Pourquoi la matière a triomphé de l’antimatière ? En d’autres termes, pourquoi l’Univers existe-t-il ? Des chercheurs ont annoncé mercredi « la mesure directe la plus précise jamais réalisée sur l’antimatière », des informations qui pourraient aider à comprendre le mystère.
Imaginez le Big Bang, il y a 13,8 milliards d’années, cet instant où nous passons d’un monde originel à un Univers palpable. Au cours de la toute première seconde qui suit le Big Bang, une inflation s’est déjà produite ; la taille de l’Univers a alors augmenté de façon exponentielle, celui-ci ne se composant que d’une bouillie de particules élémentaires de matière et d’antimatière brûlantes (quarks et anti-quarks, électrons et anti-électrons, neutrinos et anti-neutrinos) qui formeront ensuite des protons ou des neutrons. C’est au cours de cette première seconde que la matière prend le « pas » sur l’antimatière.
Les deux ont été produites en même quantité au moment du Big Bang; seulement, et pour une raison que les cosmologistes ignorent encore, les deux ne se sont pas comportées de la même manière. Si les deux matières se rencontrent, elles s’annihilent. Or, la matière a remporté son match contre l’antimatière. Ainsi, au terme de ce processus d’annihilation, au lieu de la disparition de tout ce petit monde, il est demeuré un surplus de matière. C’est pourquoi nous sommes encore ici, 13,8 milliards d’années plus tard. Comment alors est-ce possible ? Si matière et antimatière ont été produites en même quantité, comment se fait-il que la matière ait « pris le pas » sur l’antimatière ?
C’est ce que les scientifiques tentent de comprendre depuis des décennies. Mais l’antimatière est difficile à produire et à piéger, et ces propriétés difficiles à mesurer. L’équipe d’Alpha, du CERN, est néanmoins parvenue à produire des atomes d’anti-hydrogène. Puis en 2016, ils ont observé pour la première fois le comportement d’un atome d’antimatière, l’antihydrogène, sous des rayons ultraviolets.

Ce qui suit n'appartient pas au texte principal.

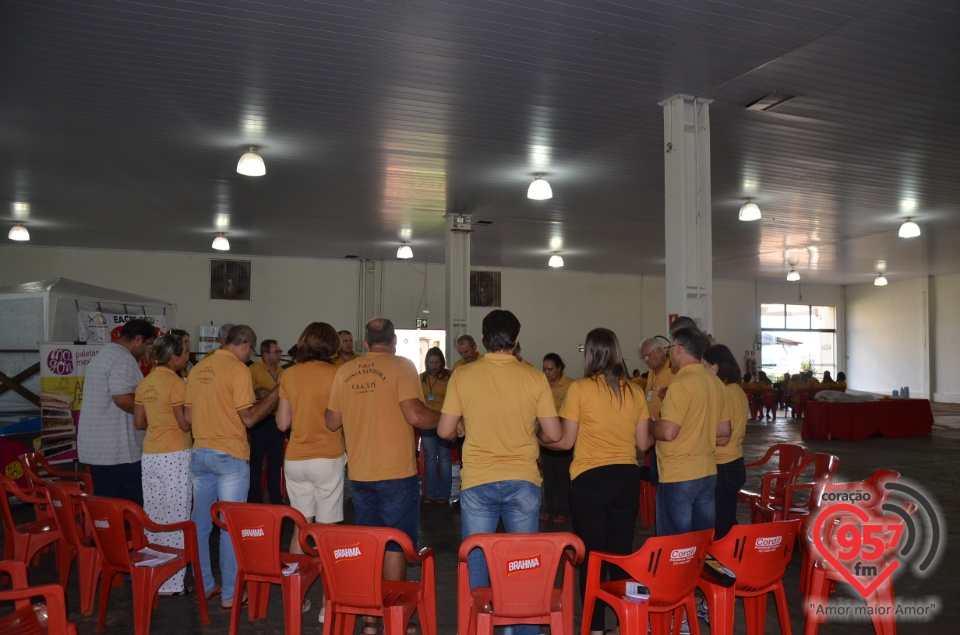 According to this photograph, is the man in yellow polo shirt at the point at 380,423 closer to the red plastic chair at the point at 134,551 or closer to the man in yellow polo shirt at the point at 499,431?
the man in yellow polo shirt at the point at 499,431

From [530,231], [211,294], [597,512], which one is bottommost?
[597,512]

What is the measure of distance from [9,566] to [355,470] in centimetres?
152

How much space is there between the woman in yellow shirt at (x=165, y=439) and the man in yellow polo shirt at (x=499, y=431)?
6.46 feet

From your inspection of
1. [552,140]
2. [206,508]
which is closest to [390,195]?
[552,140]

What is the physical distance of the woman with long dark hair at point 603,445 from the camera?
3406 mm

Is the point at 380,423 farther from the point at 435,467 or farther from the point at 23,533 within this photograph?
the point at 435,467

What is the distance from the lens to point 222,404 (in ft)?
13.3

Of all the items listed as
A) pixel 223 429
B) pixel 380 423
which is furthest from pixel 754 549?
pixel 223 429

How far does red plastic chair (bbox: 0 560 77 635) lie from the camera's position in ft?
8.25

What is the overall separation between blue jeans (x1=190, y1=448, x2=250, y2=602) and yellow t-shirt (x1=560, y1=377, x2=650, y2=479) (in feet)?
6.30

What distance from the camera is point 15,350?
8.68m

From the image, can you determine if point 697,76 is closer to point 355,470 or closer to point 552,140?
point 552,140

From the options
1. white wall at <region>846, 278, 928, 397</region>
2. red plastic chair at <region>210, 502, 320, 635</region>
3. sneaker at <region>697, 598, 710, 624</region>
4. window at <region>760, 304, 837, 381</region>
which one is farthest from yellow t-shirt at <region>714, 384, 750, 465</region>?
white wall at <region>846, 278, 928, 397</region>

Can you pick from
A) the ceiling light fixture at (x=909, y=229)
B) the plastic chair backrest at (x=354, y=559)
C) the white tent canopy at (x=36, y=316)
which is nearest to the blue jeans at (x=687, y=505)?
the plastic chair backrest at (x=354, y=559) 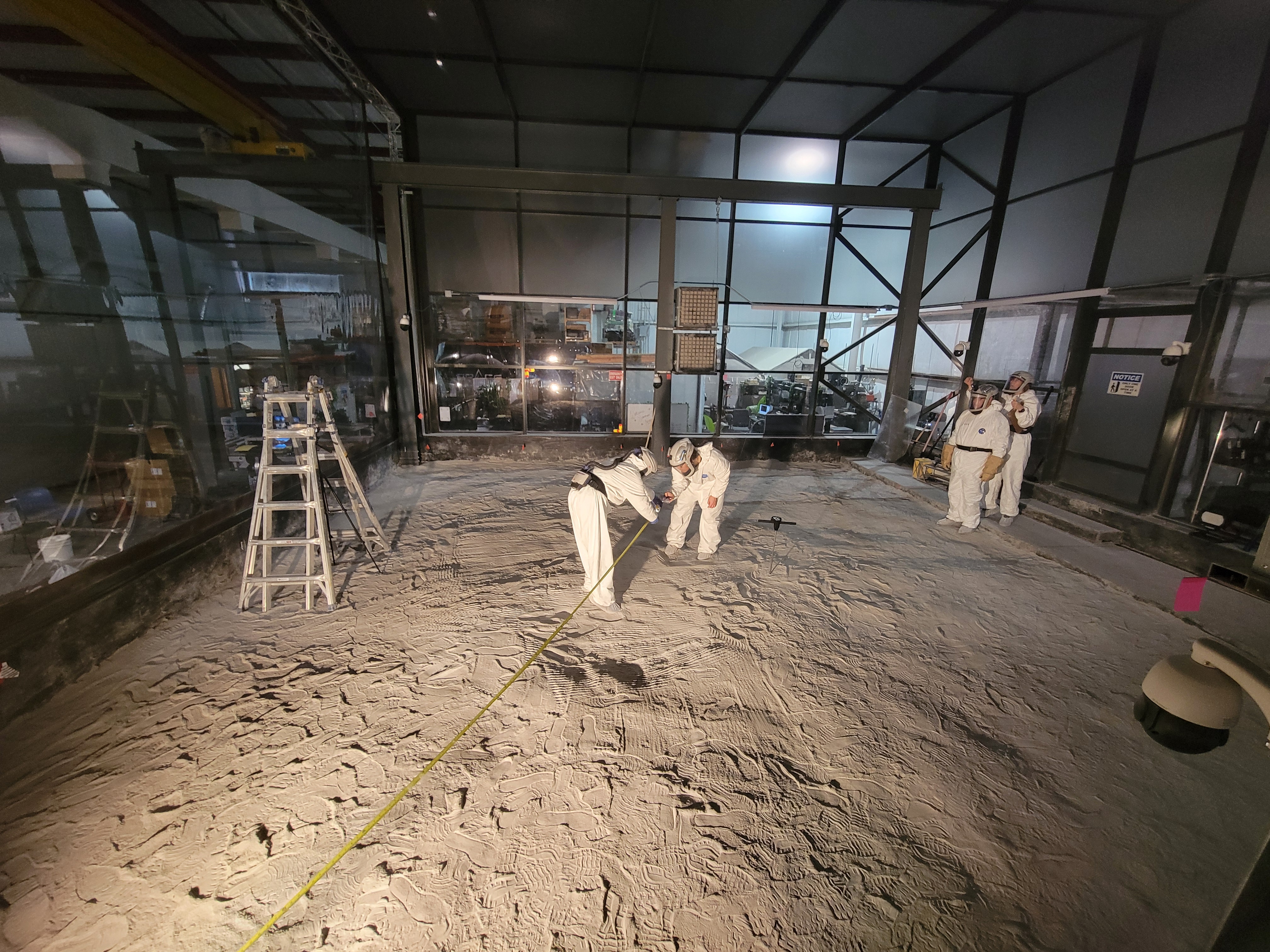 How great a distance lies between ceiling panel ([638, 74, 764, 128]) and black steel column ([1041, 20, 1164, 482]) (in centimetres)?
479

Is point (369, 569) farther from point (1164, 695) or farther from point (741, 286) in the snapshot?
point (741, 286)

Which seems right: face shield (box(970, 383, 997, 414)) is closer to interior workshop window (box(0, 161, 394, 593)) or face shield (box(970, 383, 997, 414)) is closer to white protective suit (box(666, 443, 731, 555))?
white protective suit (box(666, 443, 731, 555))

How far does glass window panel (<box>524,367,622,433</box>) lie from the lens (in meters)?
9.51

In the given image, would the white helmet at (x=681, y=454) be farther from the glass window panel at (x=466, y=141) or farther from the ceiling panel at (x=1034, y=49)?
the glass window panel at (x=466, y=141)

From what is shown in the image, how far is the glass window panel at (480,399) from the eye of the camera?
937cm

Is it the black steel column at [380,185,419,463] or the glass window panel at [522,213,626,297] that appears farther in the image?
the glass window panel at [522,213,626,297]

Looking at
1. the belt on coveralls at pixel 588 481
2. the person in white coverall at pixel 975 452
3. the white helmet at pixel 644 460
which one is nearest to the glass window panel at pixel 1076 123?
the person in white coverall at pixel 975 452

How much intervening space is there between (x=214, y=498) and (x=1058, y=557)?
8693mm

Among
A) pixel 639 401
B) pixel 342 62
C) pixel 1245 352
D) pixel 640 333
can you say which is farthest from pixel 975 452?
pixel 342 62

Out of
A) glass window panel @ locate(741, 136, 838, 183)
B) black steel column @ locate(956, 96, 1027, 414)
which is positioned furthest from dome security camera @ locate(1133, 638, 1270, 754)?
glass window panel @ locate(741, 136, 838, 183)

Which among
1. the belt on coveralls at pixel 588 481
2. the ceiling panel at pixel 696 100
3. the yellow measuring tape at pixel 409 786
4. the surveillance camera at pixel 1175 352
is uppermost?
the ceiling panel at pixel 696 100

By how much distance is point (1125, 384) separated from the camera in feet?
20.0

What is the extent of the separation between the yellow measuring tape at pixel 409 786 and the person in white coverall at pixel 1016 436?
5658 mm

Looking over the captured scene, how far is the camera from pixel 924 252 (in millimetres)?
8820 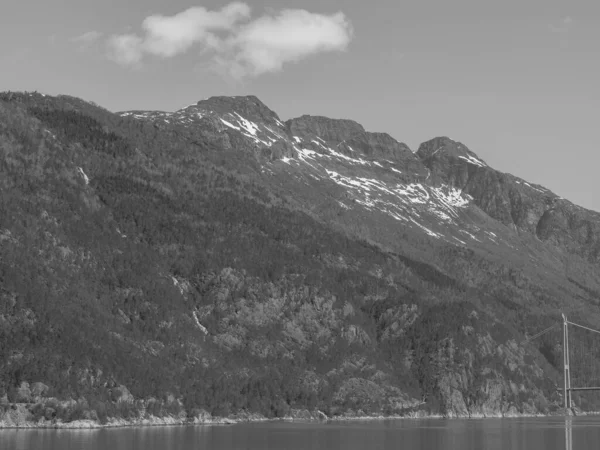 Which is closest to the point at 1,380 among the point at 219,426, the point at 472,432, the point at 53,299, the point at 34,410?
the point at 34,410

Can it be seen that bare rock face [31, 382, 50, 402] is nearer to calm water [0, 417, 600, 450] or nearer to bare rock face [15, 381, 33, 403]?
bare rock face [15, 381, 33, 403]

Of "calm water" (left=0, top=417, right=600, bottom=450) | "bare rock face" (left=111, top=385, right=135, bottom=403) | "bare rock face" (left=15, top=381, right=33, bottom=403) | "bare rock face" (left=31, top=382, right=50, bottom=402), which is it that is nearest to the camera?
"calm water" (left=0, top=417, right=600, bottom=450)

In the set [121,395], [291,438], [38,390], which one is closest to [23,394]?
[38,390]

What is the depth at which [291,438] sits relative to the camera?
155875mm

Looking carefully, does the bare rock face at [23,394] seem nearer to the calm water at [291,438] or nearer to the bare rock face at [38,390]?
the bare rock face at [38,390]

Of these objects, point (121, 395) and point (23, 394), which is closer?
point (23, 394)

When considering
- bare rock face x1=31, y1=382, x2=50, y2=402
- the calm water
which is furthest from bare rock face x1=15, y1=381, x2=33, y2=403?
the calm water

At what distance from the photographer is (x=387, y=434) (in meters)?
173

Ils ont depuis étudié la réaction d’environ 15.000 de ces atomes, établissant des mesures spectroscopiques d’une précision encore jamais réalisée sur de l’antimatière. Des données qu’ils ont comparées à celles de l’hydrogène.
Les résultats de cette nouvelle comparaison entre les empreintes spectrales de l’hydrogène et celles de son jumeau miroir sont encore en cours, mais les nouvelles sont frustrantes – elles correspondent à seulement deux parties par billion. S’ils se révélaient être un tout petit peu différents, les physiciens pourraient enfin avoir un moyen d’expliquer pourquoi notre Univers contient plus de matière que d’antimatière.
« Jusqu’à présent, ils se ressemblent« , déclare Jeffrey Hangst de l’expérience Alpha du CERN. Avoir pu mesurer avec une telle précision les propriétés de l’antimatière reste néanmoins une sacrée performance. Autant voir le verre à moitié plein. Nous allons devoir attendre un peu plus longtemps avant de comprendre pourquoi nous existons.
Vous retrouverez tous les détails de cette étude dans la revue Nature.